TASK GOAL: Word-for-word repetition of the records below is needed, but only from the line holding "饭爷成新锐速食TOP1,宝宝馋了蓄力再战小皮?" through the final line, with pictures excluded.

─── RECORDS FOR PROCESSING

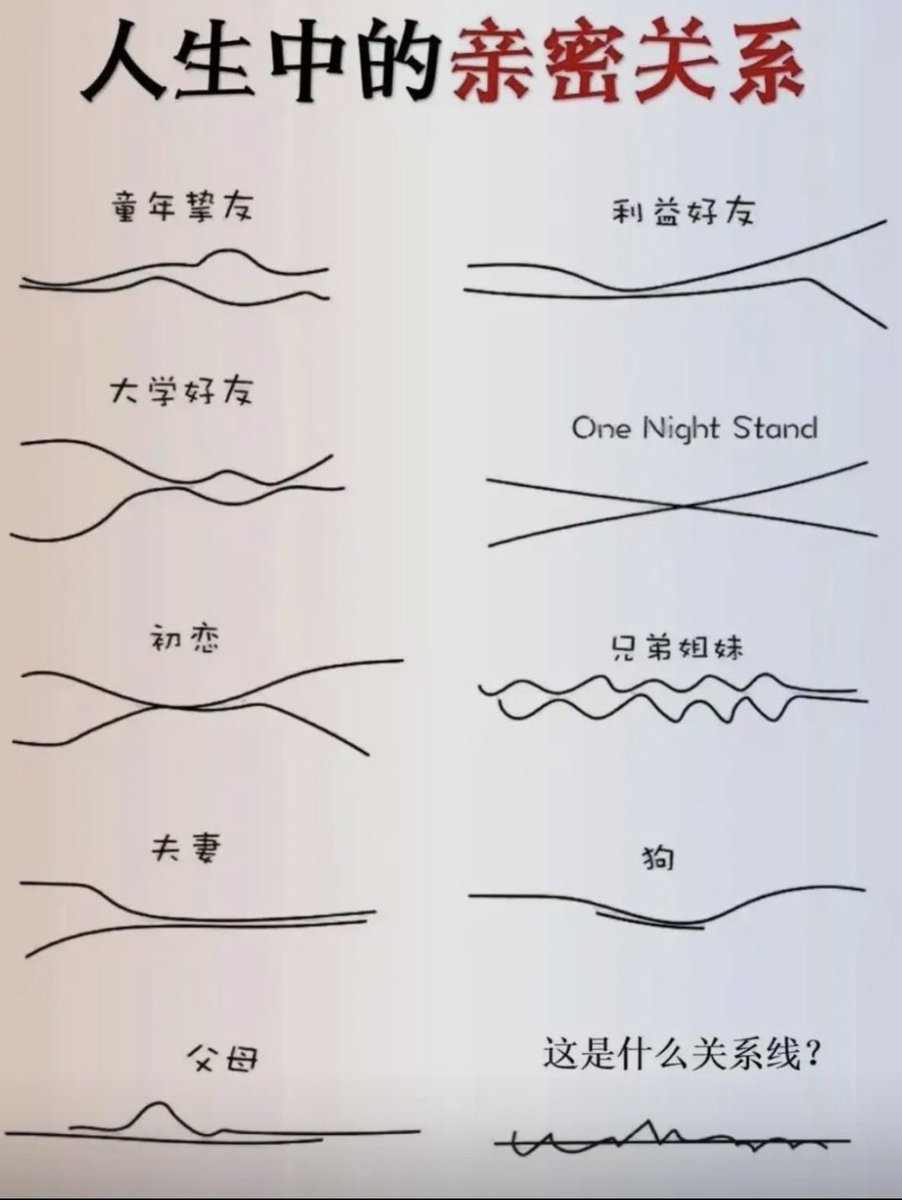 低等生物 tweet media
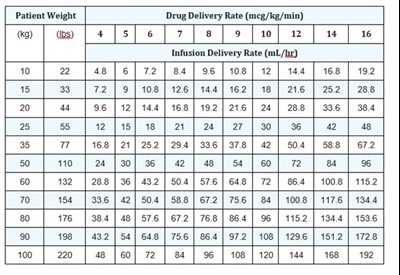 table 1 51662-1641-1.jpg Table 1 - table 1 51662 1641 1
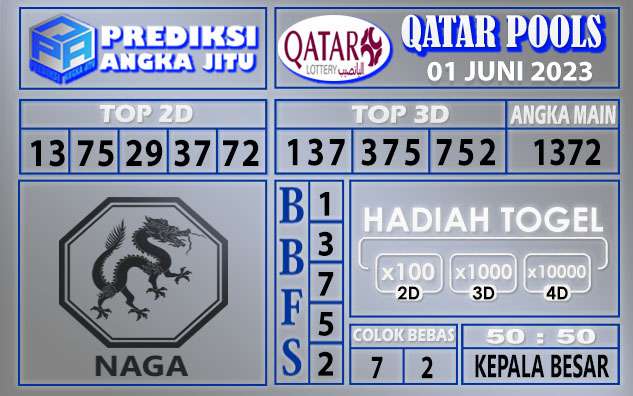 Prediksi Qatar 01 Juni 2023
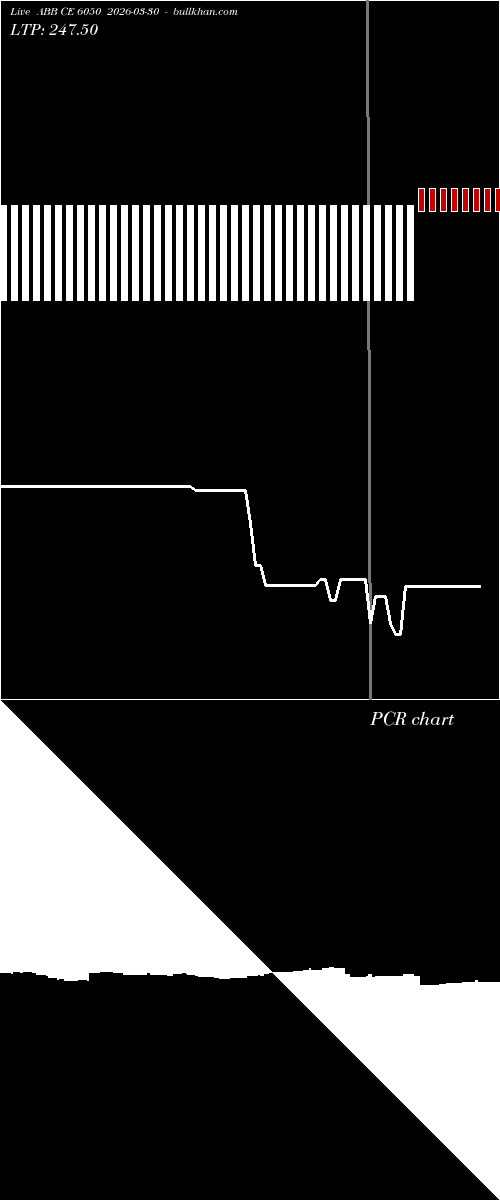  option chart ABB CE 6050 2026-03-30 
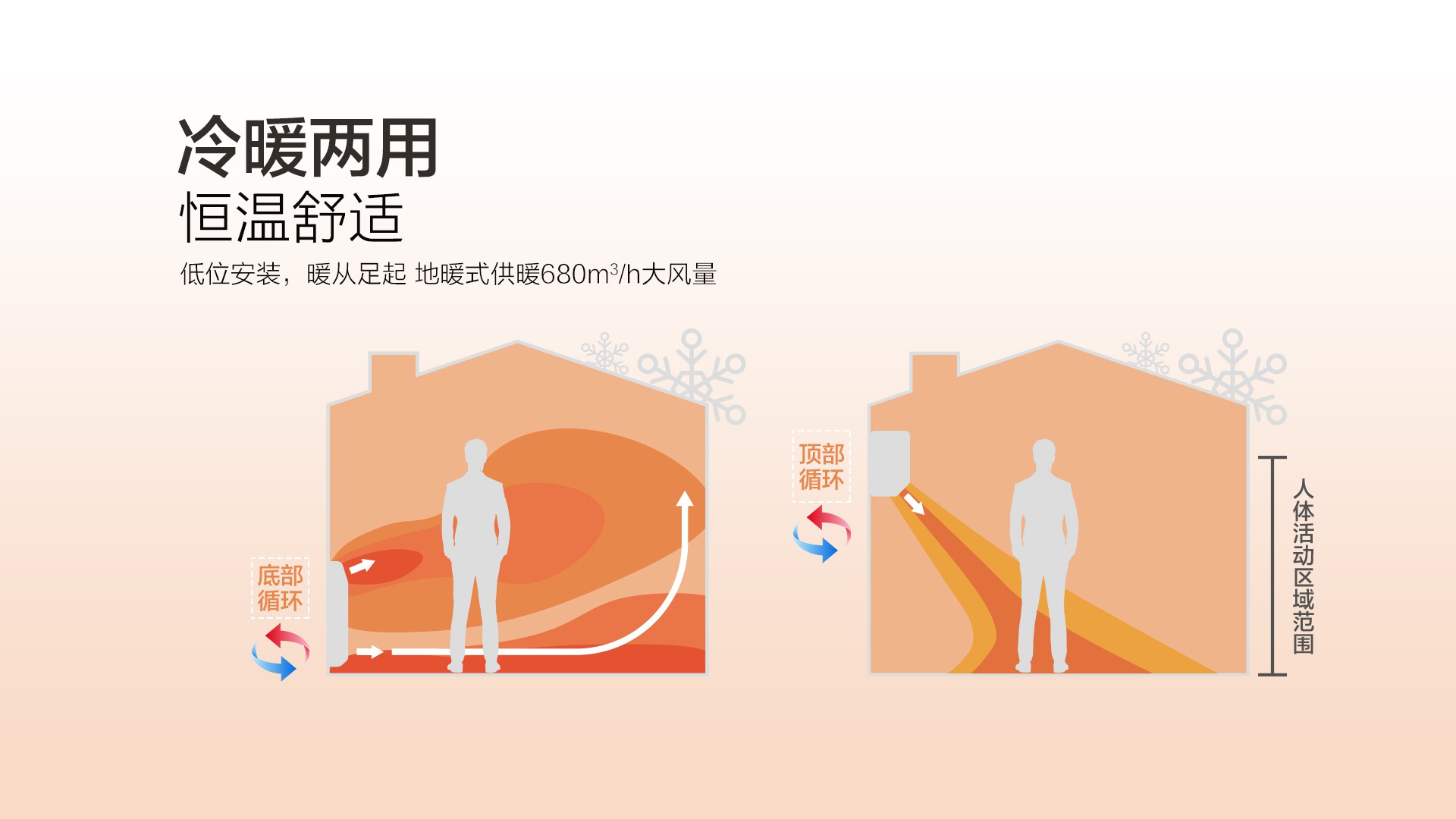 空氣能,太陽能,熱水器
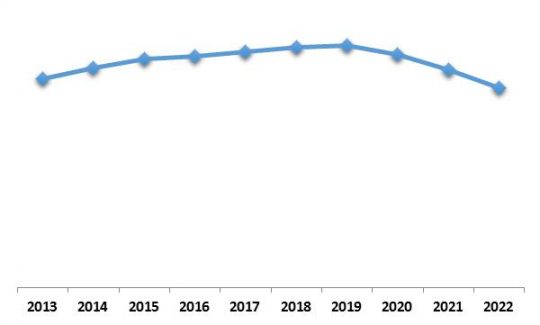 Europe Security Analytics Market Growth Trend, 2013-2022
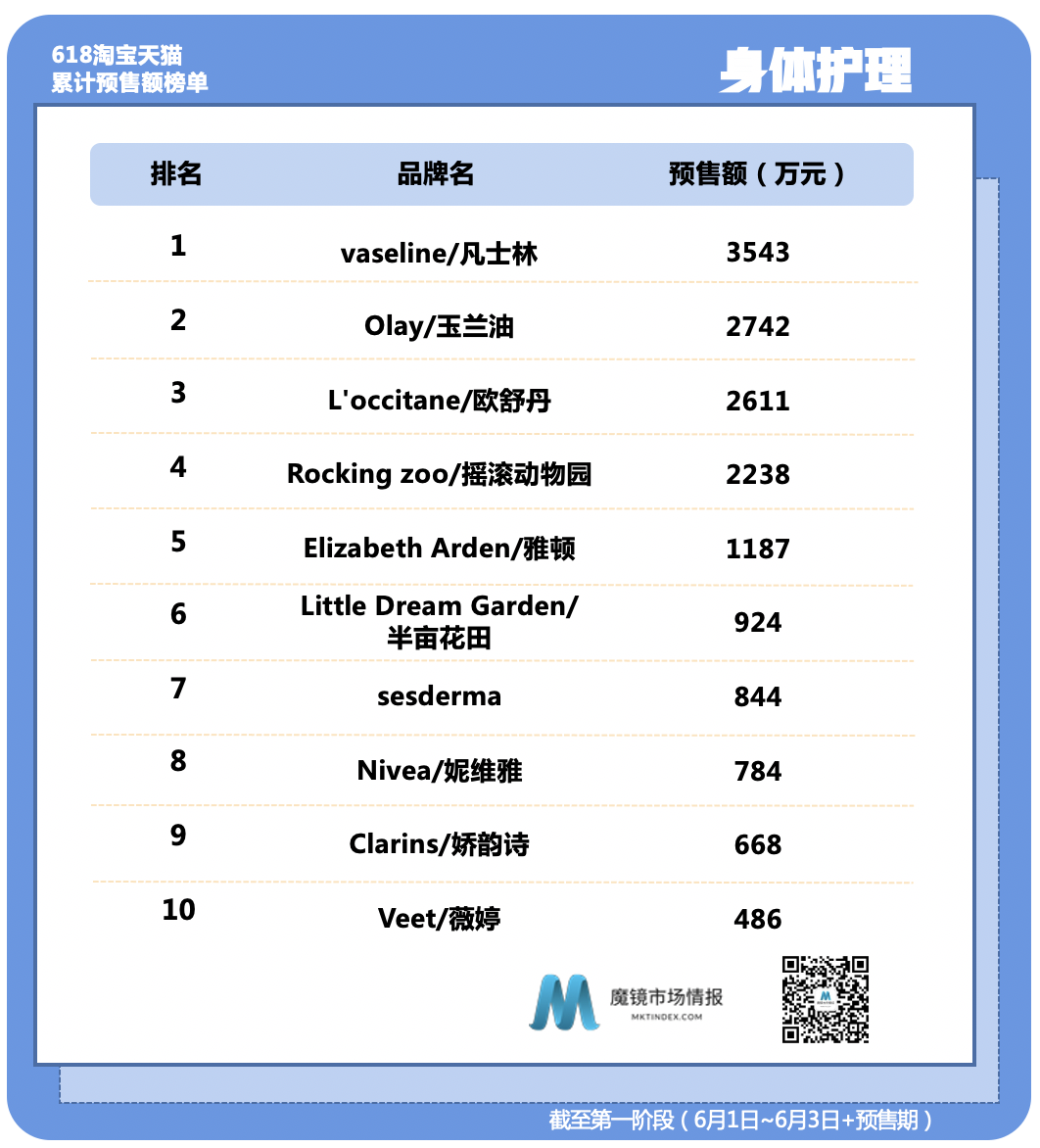 饭爷成新锐速食TOP1,宝宝馋了蓄力再战小皮?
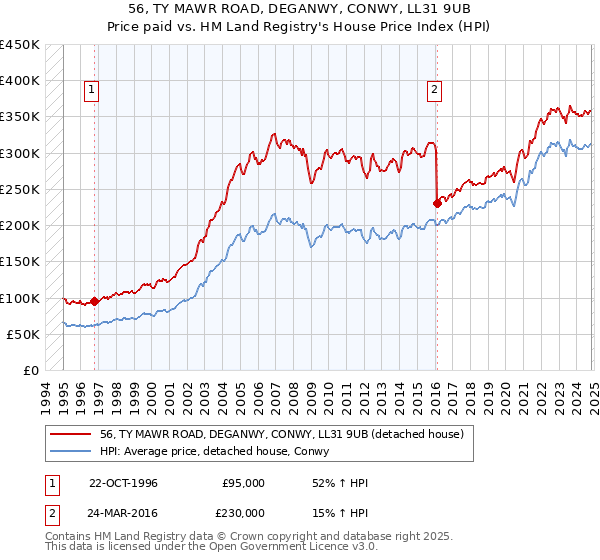 56, TY MAWR ROAD, DEGANWY, CONWY, LL31 9UB: Price paid vs HM Land Registry's House Price Index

──────

SOLUTION TO THIS TASK:
 饭爷成新锐速食TOP1,宝宝馋了蓄力再战小皮?
 56, TY MAWR ROAD, DEGANWY, CONWY, LL31 9UB: Price paid vs HM Land Registry's House Price Index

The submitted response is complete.